The first identifiable bad dream.

It happened during the day, a shrill cry slicing through the peace of afternoon nap time, sending me rushing to the bedside. Out of the catalog of cries, the ones that erupt out of slumber are the most alarming.

He was sitting up in his crib, chubby legs curled uncomfortably beneath his rear. "A whale!" he said through his pacifier, tears falling. "A whale!"

"Ooooh, did you have a bad dream?" I asked, hoisting him out of the crib and into the rocking chair. "There are no whales here, baby. It wasn't real."

My thoughts immediately turned to possible whale exposures he has had. Pinocchio? Because that is the scariest whale I've ever seen in my whole life. Nope. He hasn't seen that. Later on, I asked his big sister if there had been any whales in that mermaid show she likes to watch. Nope. When would this kid have ever even seen a whale? And why would it have been traumatic? I was racking my brain. All I could think of was our alphabet book...

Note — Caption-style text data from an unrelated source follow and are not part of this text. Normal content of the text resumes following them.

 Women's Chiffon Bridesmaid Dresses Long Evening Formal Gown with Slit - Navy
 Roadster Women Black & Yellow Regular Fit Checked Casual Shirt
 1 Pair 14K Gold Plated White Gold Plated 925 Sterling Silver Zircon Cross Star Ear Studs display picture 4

Not exactly nightmare material.

I shushed him and blanketed him and stuffed animaled him and cuddled him. He rested his little head on my chest and within seconds returned to the land of nod, safe from the terror of the inexplicable whale invasion.

Little ones don't understand about dreams. It's so easy to tell them they aren't real, but the only thing my baby knew was that there was a whale. And he was frightened.

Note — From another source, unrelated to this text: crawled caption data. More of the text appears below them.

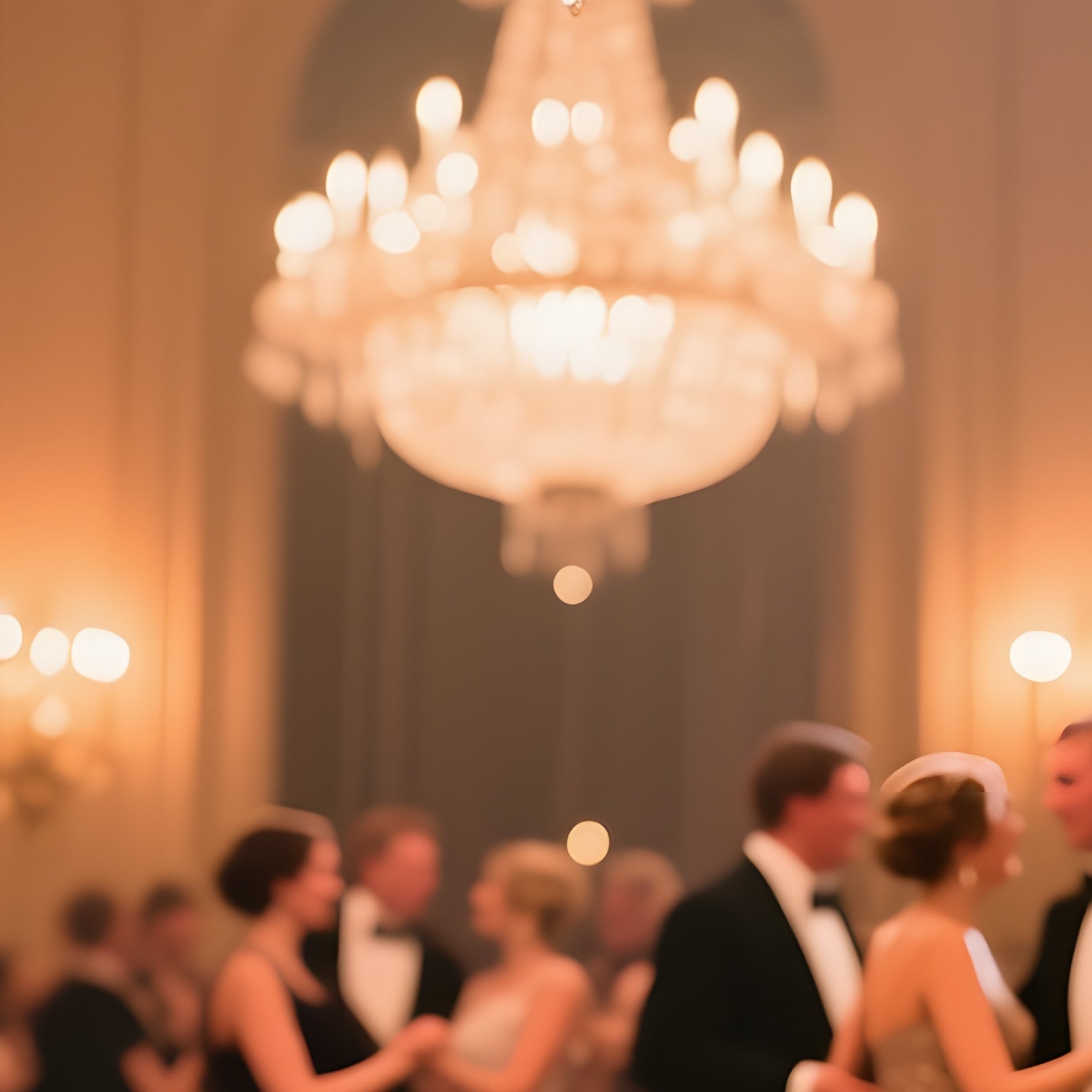 An Elegant Ballroom Chandelier Reflecting Off Crystal Vases Filled With Cascading Orchids, Guests - Full Resolution Quality Preview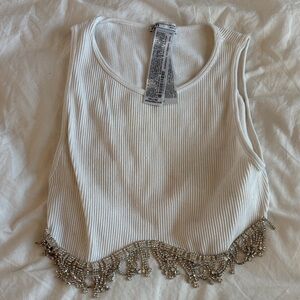 Zara White Crop Top with Silver Beaded Hem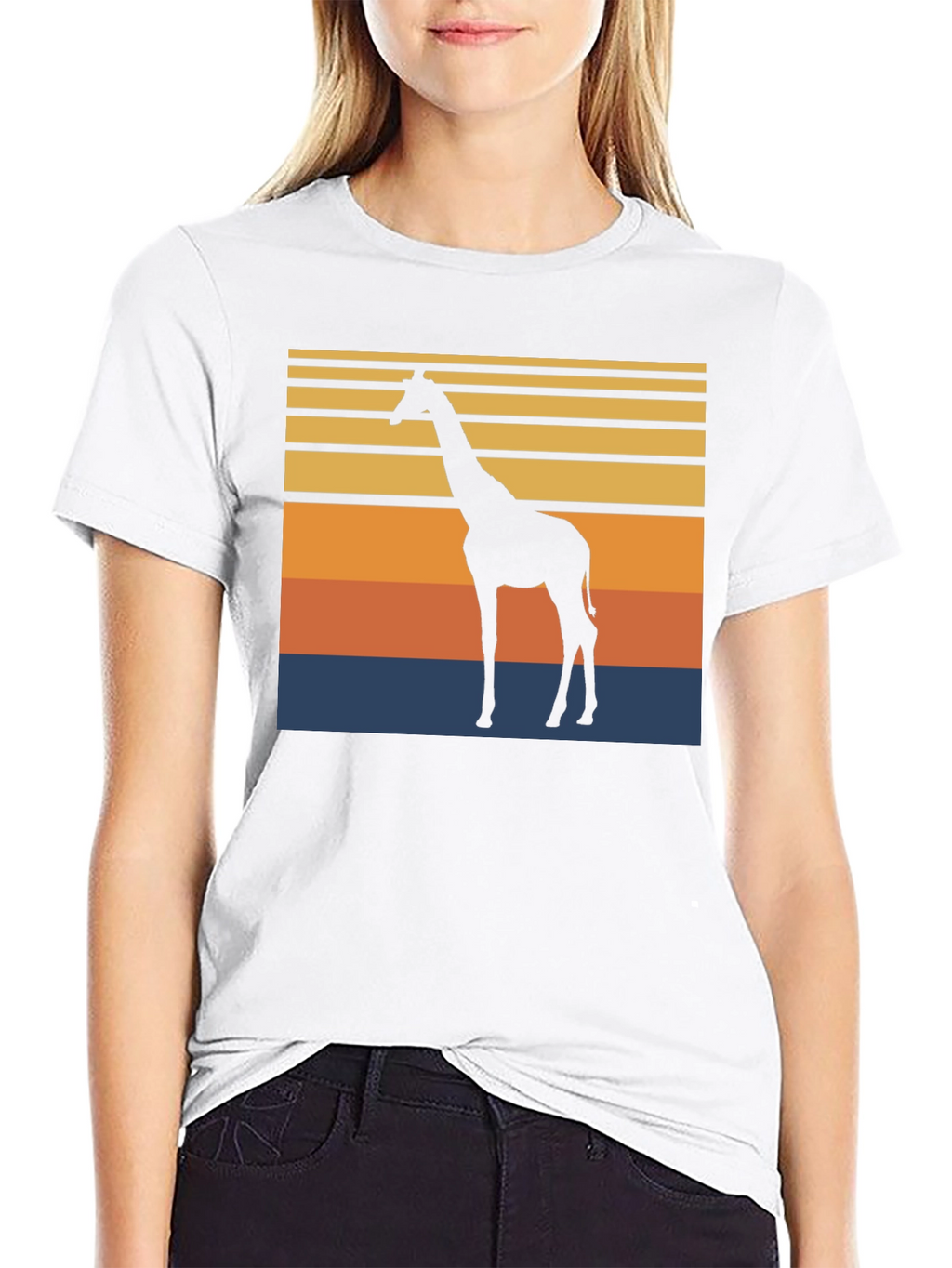 Giraffe Sunset Graphic Tee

Then it came to me. We went to Panama City few weeks ago, and dotted along the strip are these lovely, attractive storefronts everywhere, one of which was right near our condo...

That's it! I found the culprit. That thing is most definitely the stuff of nightmares. To those of us who are mature, it's just a tourist gimmick. Walk through the whale's mouth and get your tacky T-shirts for $9.99! But to a toddler buckled into his car seat, riding past this monstrosity in the minivan, it must have been quite upsetting to see for the first time. And how would that jive with everybody else in the family exclaiming, "Oooo! Look at the WHALE!" His little subconscious was trying to figure it out.

I have the wisdom. I have the understanding. I see the big picture. But he can't. He's little. He's limited and immature. The power to soothe is an awesome power to wield, to know that I can wrap a little person up in my arms and he trusts me enough to give up the tangled emotions, whatever they may be, and be comforted - simply because I am there.

Pictures in the natural world often reflect deeper, spiritual truths. The changing of the seasons outside and the changing of the seasons of life. The union of Christ and the church pictured in a wedding ceremony. The way that days of calm follow days of storms. And everyone can understand about upset children because either we have comforted them...or we have been one ourselves. God set it up that way so that we can relate to what He's trying to say.

"Come to me, all you who are weary and burdened, and I will give you rest," Jesus says in Matthew 11:28. And then this one - "Oh Jerusalem..." he says, probably with deep emotion in Matthew 23:37, "How often I have longed to gather your children together as a hen protects her chicks under her wings, but you were not willing." He could not be clearer about His position on the matter. He has the tender heart of a parent, compassionate and strong. And His understanding of the bigger picture is infinite.

The open-mouthed whales of bad dreams are huge and scary, but gigantic real world problems have big teeth, too. Sometimes they threaten to swallow us. In my arms, though, the cement whale was rendered powerless. Mommy trumped the whale. When we allow ourselves to cuddle up in God's arms, to stop thrashing about like an upset toddler and instead are willing to be a chick under His wing, he shushes us. He blankets us and pacifies us.

Because no matter how big the cement whale is, He's bigger. The whale swims away. The waters are still. And peace comes.